The antenna holder may be mounted close to a center of gravity of
the jammer antenna system and may comprise a lifting device for
changing a working distance between the main plate of the jammer
antenna system and the vehicle roof. The antenna holder may be
arranged to have a working distance being adjustable to at least
one meter. It is preferred that the antenna holder also is arranged
for tilting the main plate, e.g. up to 90.degree.. The antenna
holder may be provided with a rod antenna or spiral antenna for
radiating low radio frequency waves in a range of e.g. 20 MHz to
140 MHz.
[0023] In a preferred embodiment, the main plate comprises at least
one intermediate circuit board having electrical components that
are no part of an electrical circuit, e.g. shielding elements. It
is possible to provide intermediate circuit boards and/or shielding
elements between each pair of two horizontal antennas.

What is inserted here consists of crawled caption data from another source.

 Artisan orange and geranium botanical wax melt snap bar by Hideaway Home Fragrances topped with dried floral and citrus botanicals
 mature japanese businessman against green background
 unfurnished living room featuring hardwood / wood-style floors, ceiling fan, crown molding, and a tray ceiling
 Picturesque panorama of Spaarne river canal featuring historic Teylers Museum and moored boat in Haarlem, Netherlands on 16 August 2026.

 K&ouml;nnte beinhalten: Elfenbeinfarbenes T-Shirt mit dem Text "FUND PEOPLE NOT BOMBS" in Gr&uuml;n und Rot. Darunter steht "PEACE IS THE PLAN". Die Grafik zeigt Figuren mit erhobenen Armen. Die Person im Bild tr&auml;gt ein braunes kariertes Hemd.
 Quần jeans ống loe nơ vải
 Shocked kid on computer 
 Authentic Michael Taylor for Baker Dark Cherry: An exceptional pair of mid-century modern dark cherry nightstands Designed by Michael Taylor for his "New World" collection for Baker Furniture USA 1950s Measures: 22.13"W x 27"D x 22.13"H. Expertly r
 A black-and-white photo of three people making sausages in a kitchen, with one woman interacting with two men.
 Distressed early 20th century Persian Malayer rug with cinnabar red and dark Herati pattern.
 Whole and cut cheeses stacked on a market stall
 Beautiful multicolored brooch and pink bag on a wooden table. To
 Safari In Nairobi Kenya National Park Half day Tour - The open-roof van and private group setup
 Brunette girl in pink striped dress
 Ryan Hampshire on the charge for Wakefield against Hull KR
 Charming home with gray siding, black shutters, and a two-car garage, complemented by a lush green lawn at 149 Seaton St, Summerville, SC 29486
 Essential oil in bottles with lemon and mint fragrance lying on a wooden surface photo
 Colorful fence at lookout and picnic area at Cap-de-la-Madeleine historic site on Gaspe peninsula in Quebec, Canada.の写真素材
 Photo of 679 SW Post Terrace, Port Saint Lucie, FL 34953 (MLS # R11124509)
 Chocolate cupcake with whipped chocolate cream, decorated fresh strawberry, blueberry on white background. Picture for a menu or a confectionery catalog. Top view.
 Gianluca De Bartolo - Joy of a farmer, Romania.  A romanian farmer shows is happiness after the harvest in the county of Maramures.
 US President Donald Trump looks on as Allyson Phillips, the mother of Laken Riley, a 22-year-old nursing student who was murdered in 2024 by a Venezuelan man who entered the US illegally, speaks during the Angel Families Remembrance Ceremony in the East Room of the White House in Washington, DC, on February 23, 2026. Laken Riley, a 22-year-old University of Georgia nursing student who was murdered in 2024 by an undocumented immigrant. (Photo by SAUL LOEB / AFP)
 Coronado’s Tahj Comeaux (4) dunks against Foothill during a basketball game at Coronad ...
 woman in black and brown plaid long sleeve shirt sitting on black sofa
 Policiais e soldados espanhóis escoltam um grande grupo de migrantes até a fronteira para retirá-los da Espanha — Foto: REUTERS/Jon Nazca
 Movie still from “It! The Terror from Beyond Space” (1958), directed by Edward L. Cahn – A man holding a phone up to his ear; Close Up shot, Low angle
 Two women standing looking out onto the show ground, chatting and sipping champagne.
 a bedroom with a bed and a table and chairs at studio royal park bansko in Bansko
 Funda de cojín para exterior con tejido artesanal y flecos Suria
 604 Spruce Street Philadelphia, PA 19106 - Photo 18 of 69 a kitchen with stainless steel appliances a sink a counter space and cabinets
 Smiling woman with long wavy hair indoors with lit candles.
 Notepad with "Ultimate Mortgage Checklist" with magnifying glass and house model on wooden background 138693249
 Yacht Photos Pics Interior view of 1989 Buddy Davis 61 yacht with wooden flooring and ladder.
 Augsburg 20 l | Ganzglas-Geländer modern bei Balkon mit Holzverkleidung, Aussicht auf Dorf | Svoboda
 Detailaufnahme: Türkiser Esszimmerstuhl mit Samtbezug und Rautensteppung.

[0024] To provide an even more flexible jammer antenna system, the
vertical antennas may comprise ports for receiving further
horizontal and/or vertical antennas. Those further horizontal
and/or vertical antennas are removably connected to the electrical
connector of the jammer antenna system by a shielded connecting
conductor provided in the respective vertical antenna to which it
is mounted.
[0025] The jamming antenna system may also comprise active
compounds and connecting conductors for contacting those active
compounds to a power source connecting plug. It is preferred that
the active compounds are also etched, e.g. from a gold layer of a
printed circuit board precursor.
[0026] For optical jamming, the jammer antenna system preferably
comprises a plurality of LEDs having a cone of illumination that is
directed downwards. The LEDs are each connected to a connecting
conductor, so that each LED may be powered independently from the
other LEDs. The LEDs may cover a wide spectral range from IR
radiation to near UV radiation. The LEDs are connected to the main
plate via a plug-and-socket connection. It is also possible to
provide light detecting means for detecting incoming light signals.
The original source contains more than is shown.